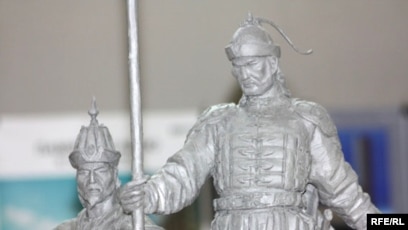 Шұлықтағы аққұбалар супер порно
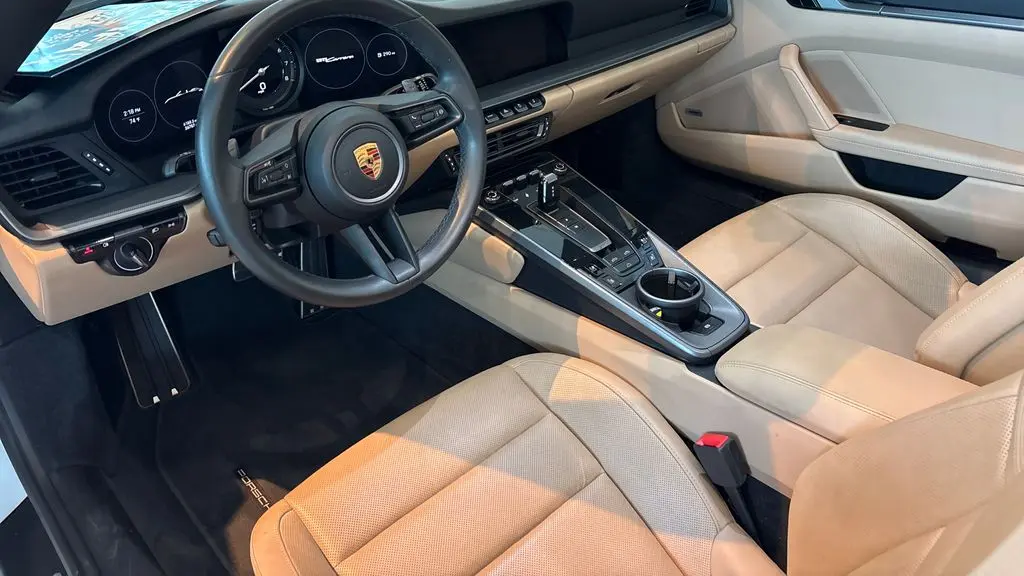 2020 Porsche 911 Carrera 4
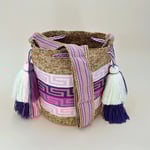 Sac à bandoulière tissé à la main par des tisserandes de la communauté indigène Wayuu en Colombie. Issu du commerce équitable et dans une démarche de Slow-Fashion.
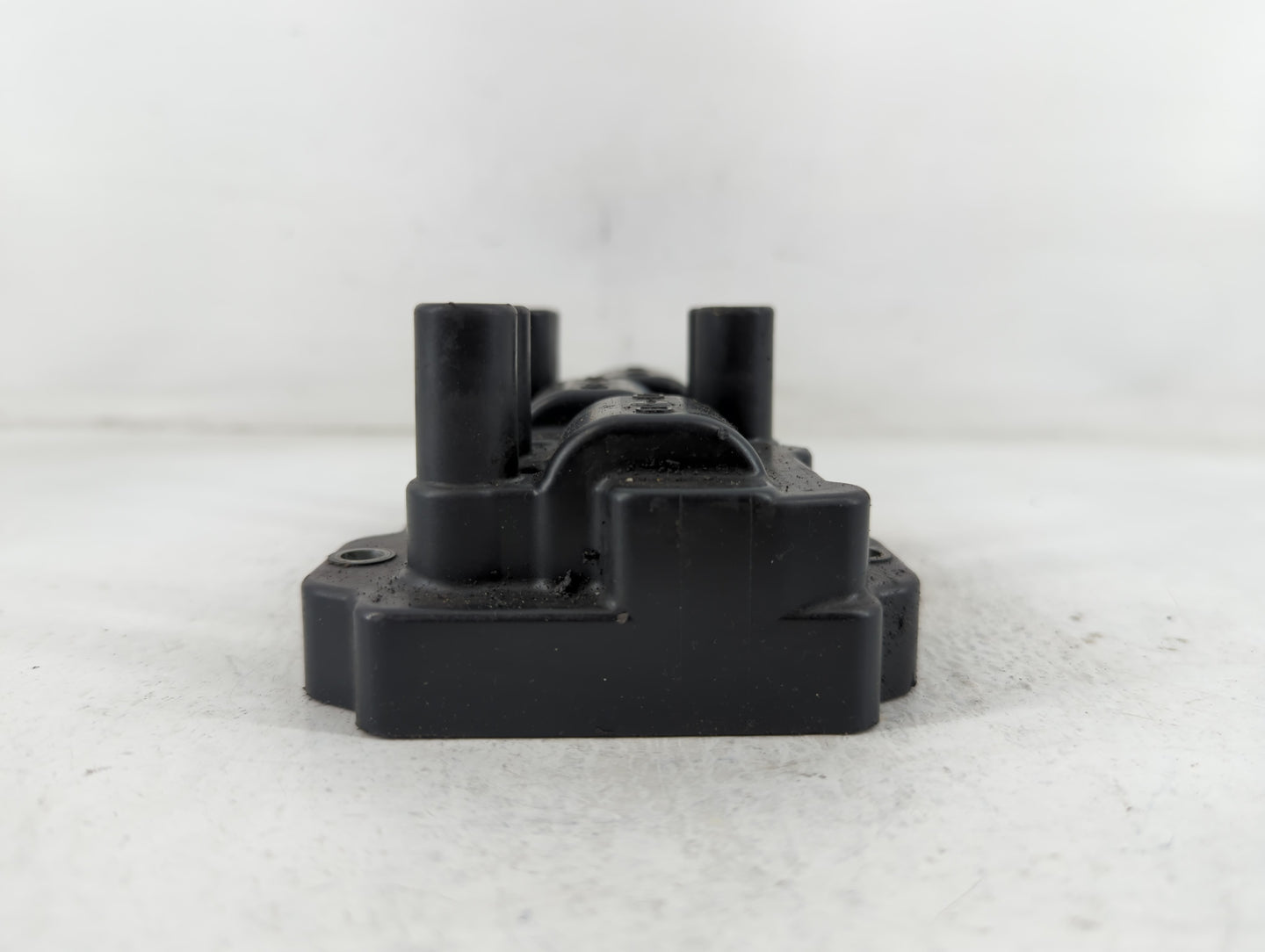 2011 Chevrolet Impala Engine Ignition Distributor OEM P/N:H6T40271ZC Fits OEM Used Auto Parts - Oemusedautoparts1.com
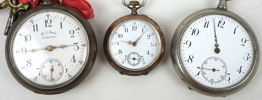 Fickur, 3 st, varav 2 st i silver.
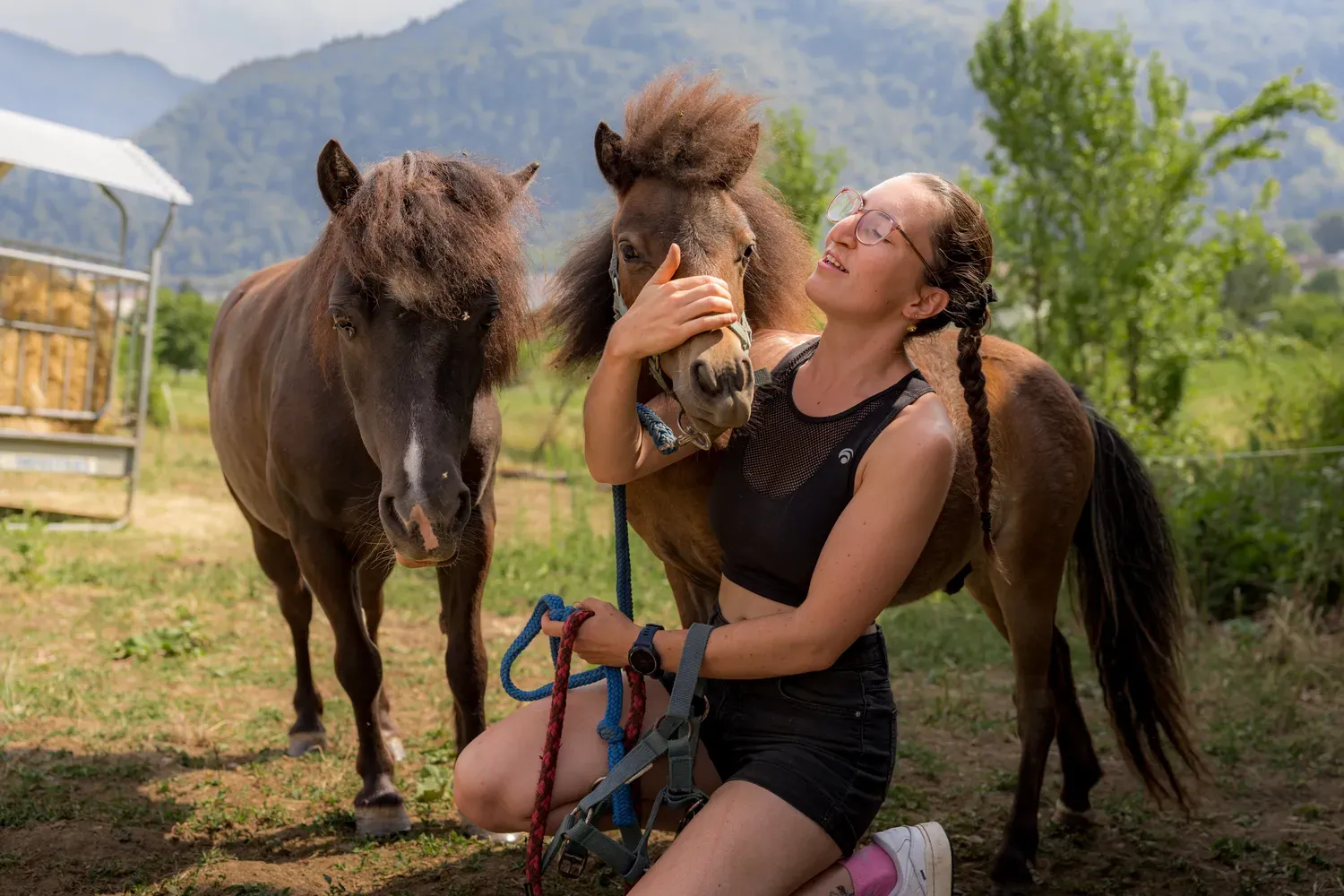 Photographie de complicité avec les poneys.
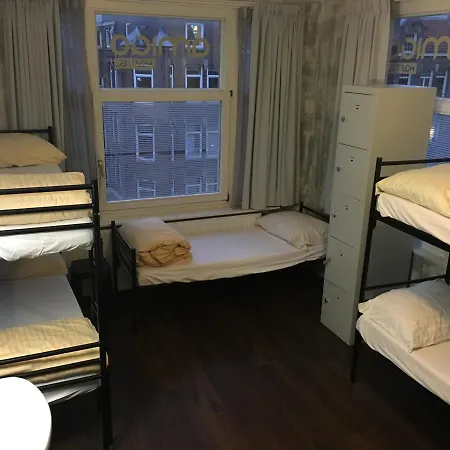 Amigo Budget Hostel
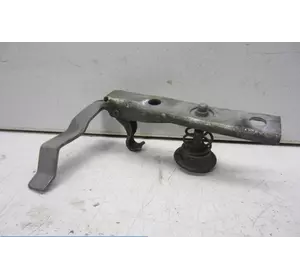 Ответная часть замка капота VW Crafter 2006-2016 Ответная часть замка капота VW Crafter 2006-2016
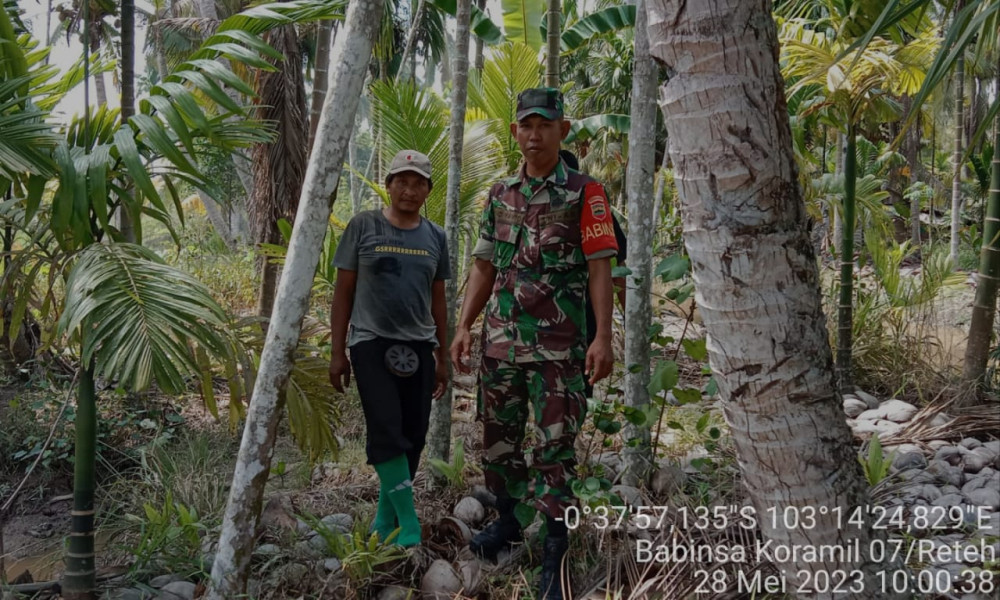 Babinsa Koramil 07/Reteh Patroli Karlahut Bersama Masyarakat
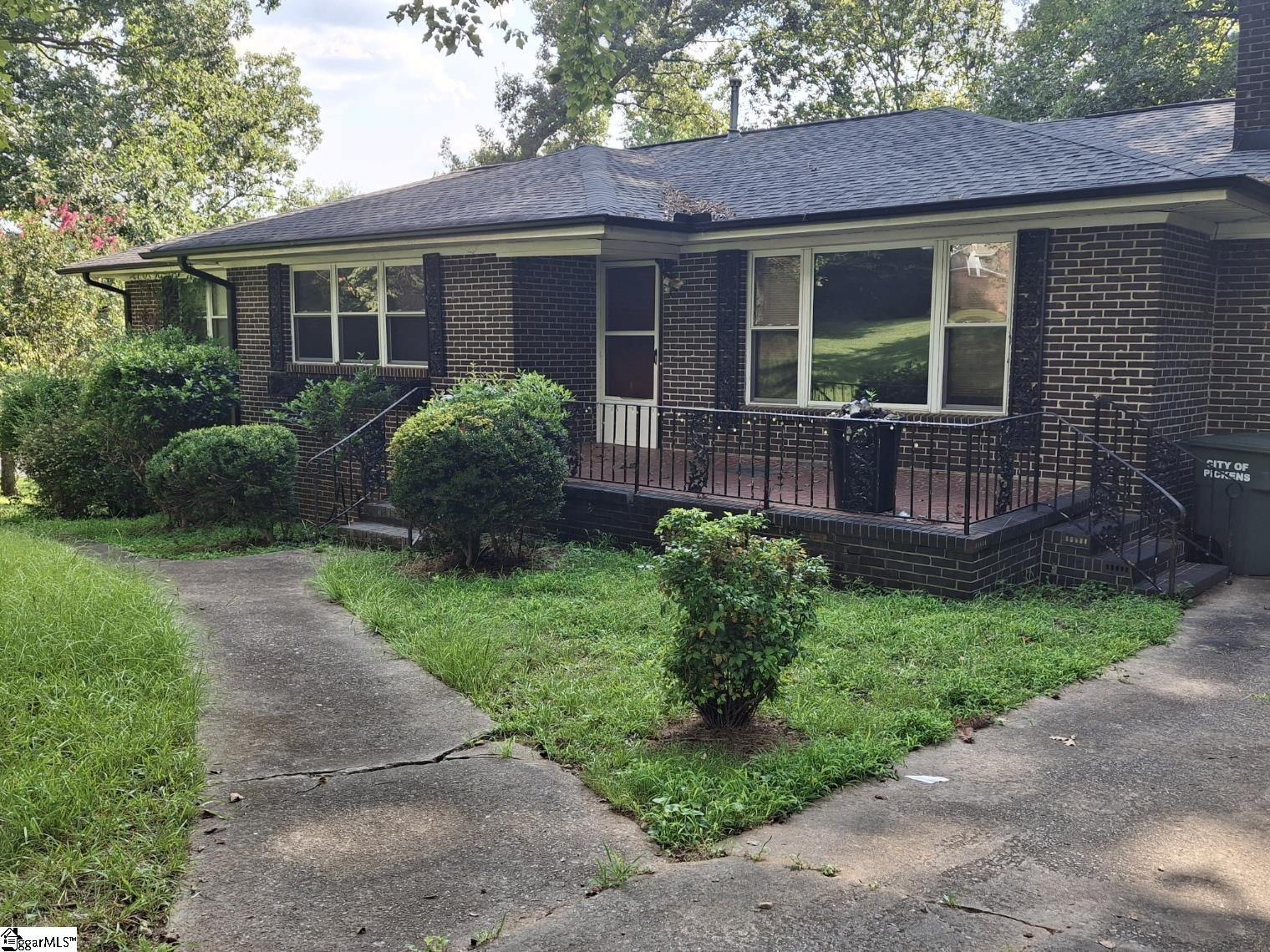 211 Thomas Road Property Photo 1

+===+

**Goal of the exercise**
Omit the pictures and write out the lines above from the one with "2020 Porsche 911 Carrera 4" through the last, unchanged.

**Output below**
 2020 Porsche 911 Carrera 4
 Sac à bandoulière tissé à la main par des tisserandes de la communauté indigène Wayuu en Colombie. Issu du commerce équitable et dans une démarche de Slow-Fashion.
 2011 Chevrolet Impala Engine Ignition Distributor OEM P/N:H6T40271ZC Fits OEM Used Auto Parts - Oemusedautoparts1.com
 Fickur, 3 st, varav 2 st i silver.
 Photographie de complicité avec les poneys.
 Amigo Budget Hostel
 Ответная часть замка капота VW Crafter 2006-2016 Ответная часть замка капота VW Crafter 2006-2016
 Babinsa Koramil 07/Reteh Patroli Karlahut Bersama Masyarakat
 211 Thomas Road Property Photo 1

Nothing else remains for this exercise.